- [Required work]
The entries are to be given again in full. Every word must match.

Brief descriptive captions
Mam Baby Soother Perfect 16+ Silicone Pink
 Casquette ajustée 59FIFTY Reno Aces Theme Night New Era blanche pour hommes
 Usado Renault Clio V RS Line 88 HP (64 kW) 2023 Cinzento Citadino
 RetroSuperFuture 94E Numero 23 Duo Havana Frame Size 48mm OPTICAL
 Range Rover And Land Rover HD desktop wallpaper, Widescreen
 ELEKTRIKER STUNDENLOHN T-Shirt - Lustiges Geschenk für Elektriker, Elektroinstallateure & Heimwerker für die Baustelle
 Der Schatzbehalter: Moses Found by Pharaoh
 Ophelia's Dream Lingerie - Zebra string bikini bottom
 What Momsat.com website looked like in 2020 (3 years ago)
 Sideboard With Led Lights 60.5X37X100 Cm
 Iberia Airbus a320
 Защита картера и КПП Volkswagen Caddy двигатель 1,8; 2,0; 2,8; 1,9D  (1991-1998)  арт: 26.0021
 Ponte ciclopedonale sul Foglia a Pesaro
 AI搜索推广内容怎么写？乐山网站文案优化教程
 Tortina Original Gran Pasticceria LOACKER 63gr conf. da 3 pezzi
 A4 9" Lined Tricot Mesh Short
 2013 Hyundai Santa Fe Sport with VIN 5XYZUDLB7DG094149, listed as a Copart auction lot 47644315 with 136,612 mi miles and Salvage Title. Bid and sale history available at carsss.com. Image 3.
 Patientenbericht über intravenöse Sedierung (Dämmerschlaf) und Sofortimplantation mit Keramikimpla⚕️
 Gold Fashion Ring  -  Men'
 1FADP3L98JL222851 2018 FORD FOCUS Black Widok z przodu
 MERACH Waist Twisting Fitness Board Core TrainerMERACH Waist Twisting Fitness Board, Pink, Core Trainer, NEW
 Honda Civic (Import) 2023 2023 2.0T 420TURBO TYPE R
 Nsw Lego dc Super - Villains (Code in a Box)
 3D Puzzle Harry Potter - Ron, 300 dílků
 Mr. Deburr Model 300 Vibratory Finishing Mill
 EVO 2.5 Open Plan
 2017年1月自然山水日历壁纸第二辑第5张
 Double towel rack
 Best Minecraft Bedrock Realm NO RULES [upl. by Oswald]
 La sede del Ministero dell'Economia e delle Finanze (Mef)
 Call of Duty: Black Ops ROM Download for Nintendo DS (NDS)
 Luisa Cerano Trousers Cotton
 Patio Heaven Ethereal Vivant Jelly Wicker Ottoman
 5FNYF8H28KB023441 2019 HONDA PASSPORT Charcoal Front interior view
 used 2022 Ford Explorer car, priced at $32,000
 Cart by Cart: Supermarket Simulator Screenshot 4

- [Completed task]
Mam Baby Soother Perfect 16+ Silicone Pink
 Casquette ajustée 59FIFTY Reno Aces Theme Night New Era blanche pour hommes
 Usado Renault Clio V RS Line 88 HP (64 kW) 2023 Cinzento Citadino
 RetroSuperFuture 94E Numero 23 Duo Havana Frame Size 48mm OPTICAL
 Range Rover And Land Rover HD desktop wallpaper, Widescreen
 ELEKTRIKER STUNDENLOHN T-Shirt - Lustiges Geschenk für Elektriker, Elektroinstallateure & Heimwerker für die Baustelle
 Der Schatzbehalter: Moses Found by Pharaoh
 Ophelia's Dream Lingerie - Zebra string bikini bottom
 What Momsat.com website looked like in 2020 (3 years ago)
 Sideboard With Led Lights 60.5X37X100 Cm
 Iberia Airbus a320
 Защита картера и КПП Volkswagen Caddy двигатель 1,8; 2,0; 2,8; 1,9D  (1991-1998)  арт: 26.0021
 Ponte ciclopedonale sul Foglia a Pesaro
 AI搜索推广内容怎么写？乐山网站文案优化教程
 Tortina Original Gran Pasticceria LOACKER 63gr conf. da 3 pezzi
 A4 9" Lined Tricot Mesh Short
 2013 Hyundai Santa Fe Sport with VIN 5XYZUDLB7DG094149, listed as a Copart auction lot 47644315 with 136,612 mi miles and Salvage Title. Bid and sale history available at carsss.com. Image 3.
 Patientenbericht über intravenöse Sedierung (Dämmerschlaf) und Sofortimplantation mit Keramikimpla⚕️
 Gold Fashion Ring  -  Men'
 1FADP3L98JL222851 2018 FORD FOCUS Black Widok z przodu
 MERACH Waist Twisting Fitness Board Core TrainerMERACH Waist Twisting Fitness Board, Pink, Core Trainer, NEW
 Honda Civic (Import) 2023 2023 2.0T 420TURBO TYPE R
 Nsw Lego dc Super - Villains (Code in a Box)
 3D Puzzle Harry Potter - Ron, 300 dílků
 Mr. Deburr Model 300 Vibratory Finishing Mill
 EVO 2.5 Open Plan
 2017年1月自然山水日历壁纸第二辑第5张
 Double towel rack
 Best Minecraft Bedrock Realm NO RULES [upl. by Oswald]
 La sede del Ministero dell'Economia e delle Finanze (Mef)
 Call of Duty: Black Ops ROM Download for Nintendo DS (NDS)
 Luisa Cerano Trousers Cotton
 Patio Heaven Ethereal Vivant Jelly Wicker Ottoman
 5FNYF8H28KB023441 2019 HONDA PASSPORT Charcoal Front interior view
 used 2022 Ford Explorer car, priced at $32,000
 Cart by Cart: Supermarket Simulator Screenshot 4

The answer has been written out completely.